Hallo Ihr Lieben,
bin nun heute morgen gleich zum Arzt geflitzt und habe mir Blut abnehmen lassen. Vorab habe ich die Diagnoseaufstellung des Zöliakie Treffs
dort hin gemailt, in der Hoffnung die Testen das richtige.
Freitag oder Montag müsste das Ergebnis da sein. Leider weiß ich nun nicht, ob die nicht ganz! 4 Wochen ausreichen für die Antikörper.
Ws mir dann auch leider erst auf der rückfahrt eingefallen ist: Shit! Ich nehme jeden Tag eine Aerius!

Mist!
Was die Blutspende nun umsonst?? Weiß das jemand?
Leider Reagiere ich auch auf Dinkel, Roggen, Haferflocken usw... wenn da nicht in allem mehrere gleiche Stoffe ausser Gluten
drin sind, muss es wohl das Gluten sein, oder nicht`?
Habe heute noch kein Gluten gegessen, nur Fleisch und es geht mir inzwischen schon spürbar besser. Das ist unglaublich!
Von zuviel Histamin bekomme ich vorrangig Muskelprobleme. Wie starker muskelkater und im Schlimmsten Fall auch Muskelentzündungen.
Getreide scheint meinen Muskeln gut zu bekommen, dafür meinen Knochen und Gelenken überhaupt nicht.. das ist ein Kreuz.
Unter Low Carb geht es mir noch am Besten, wobei die Kohlehydratmenge da sehr schwankt. An manchen Tagen bis zu 200 und an anderen unter 10 bis 20 Gramm.
Allerdings denke ich, das ich damit dann unter der nötigen Glutenverzehrmenge liege. Mit reinem Gluten kann ich diese zwar steigern- werde aber sicher auch
wieder am Krückstock gehen... was nun?
Du kannst Deinen Job nicht riskieren, nur weil geklaert werden muss, ob Du Zoeliakie hast, oder nicht!
Ja, genau daran scheitert es. Könnte ich die nächsten paar Monate daheim vor mich hinjammern, würde ich´s durchziehen.
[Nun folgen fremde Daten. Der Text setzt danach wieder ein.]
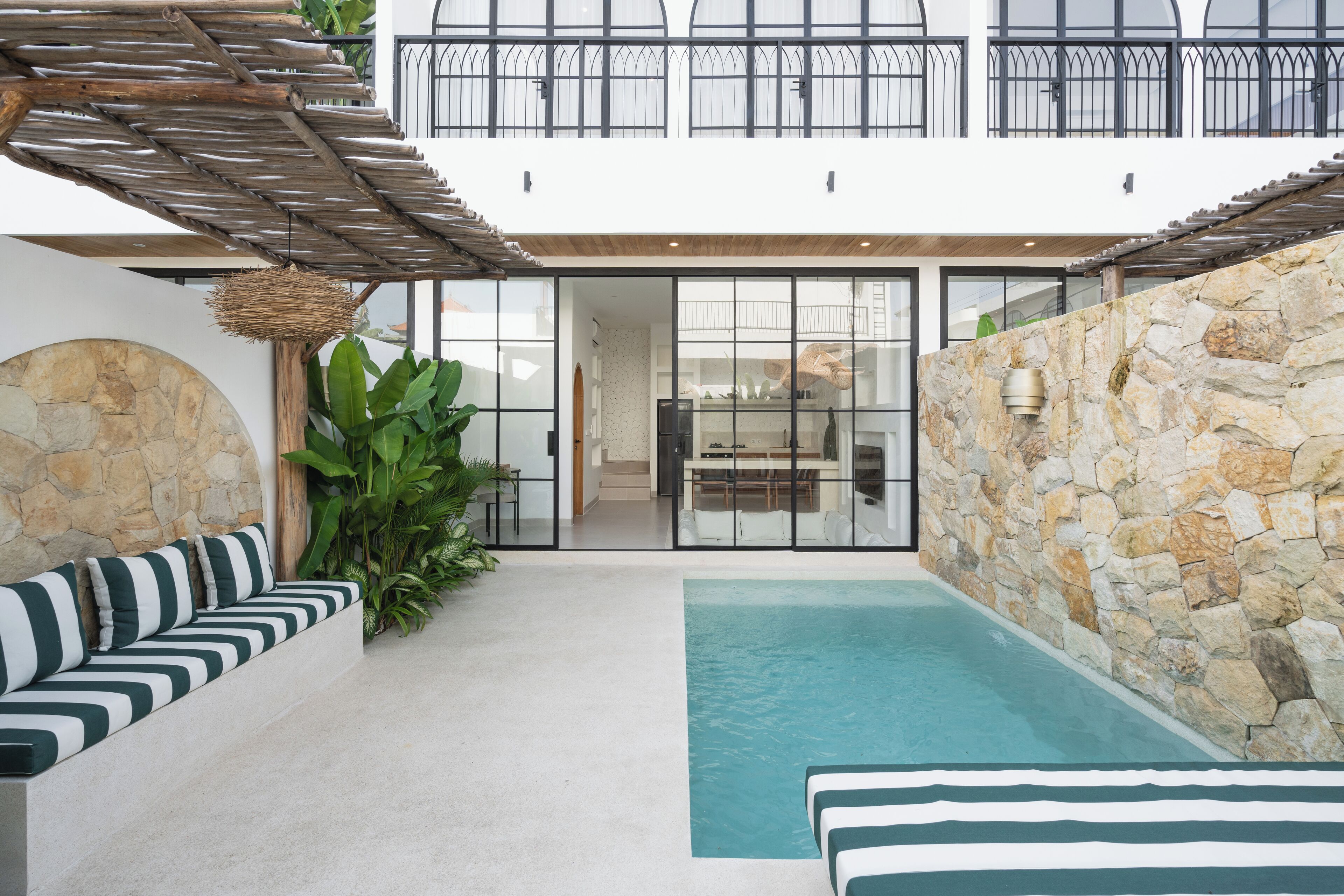 Ein moderner Poolbereich im Freien mit einer Steinwand, einer Sitzecke mit gestreiften Kissen und Blick ins Innere durch Glastüren.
Aber mein Arbeitgeber wird das icht mitmachen zumal er sich fragen wird, wie "wertvoll" ich noch bin, wenn ich jetzt schon einen
kaputten Rücken habe...
Nachtrag: Ich habe Zöliakie bei mir nie wirklich für Möglich gehalten. merkte zwar deutlich, das ich Getreide nicht vertrage, aber Zöliakie war immer so was ganz enorm
Auffallendes, das die Betreffenden schon seit Baby durch Ihre Eltern wussten, weil Sie nur noch geschrieben haben und extreme Durchfälle und Koliken hatten... so war zumindest immer meine Vorstellung... *sorry* Ich war ein ruhiges Kind, das war mein stetes Hautargument dagegen.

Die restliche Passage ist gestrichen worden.